Being frugal has benefits in terms of the effectiveness of the LLMs responses and the LLM API usage cost.
1. Single turn context
I’ve been tinkering with LLMs since the early days of GPT-4. My experience is that single turn prompts are more effective than long contexts.
The way my system works is that the Memento holds LSP references (e.g. symbol definitions, symbol references, etc.) or more general text fragments, and then a Classifier selects from the Memento which items are relevant for a given LLM prompt.
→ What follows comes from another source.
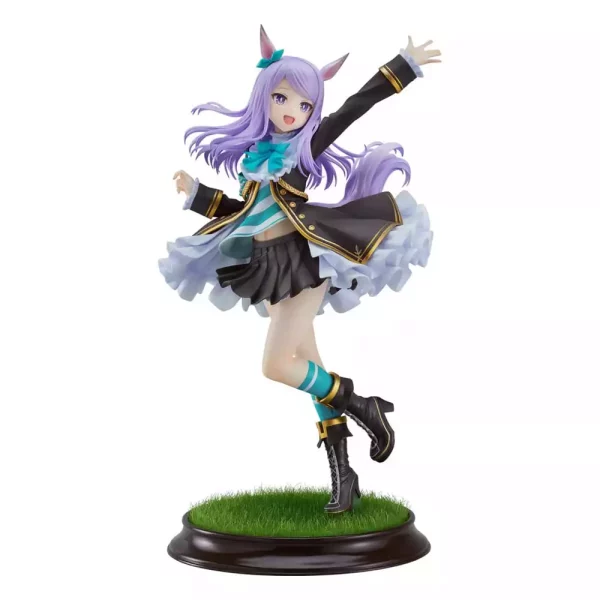 uma-musume-pretty-derby-pvc-statue-1-7-mejiro-mcqueen-the-treasure-of-the-prestigious-mejiro-family-26-cm-1765680614-0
I saw that some providers show how much of the context is filled, or added the ability to do a sort of garbage collection of the LLM context. My understanding, and also my experience is that GC is needed not only for technical limitation but because it contains information that confuses the model. I don’t have that problem to begin with because the LLM requests are almost always single turn with a carefully curated context just for that request.
2. Zero files in context
I generally do not send files in the LLM request. Instead, as part of the planning workflow, the Memento is populated with the relevant file fragments that the LLM needs either to (a) read or (b) edit.

3. Response precision
My system is set up such that the agent can respond with vim-like commands, e.g. :10,20c. This way the output is in my experience significantly more precise and lower cost.
4. Flash models
I make heavy use of flash models for certain agents that do not require heavy inference-time capabilities. In the screenshot below, the Coder agent is configured with Claude Opus for example, while agents in the General category work really well with flash models.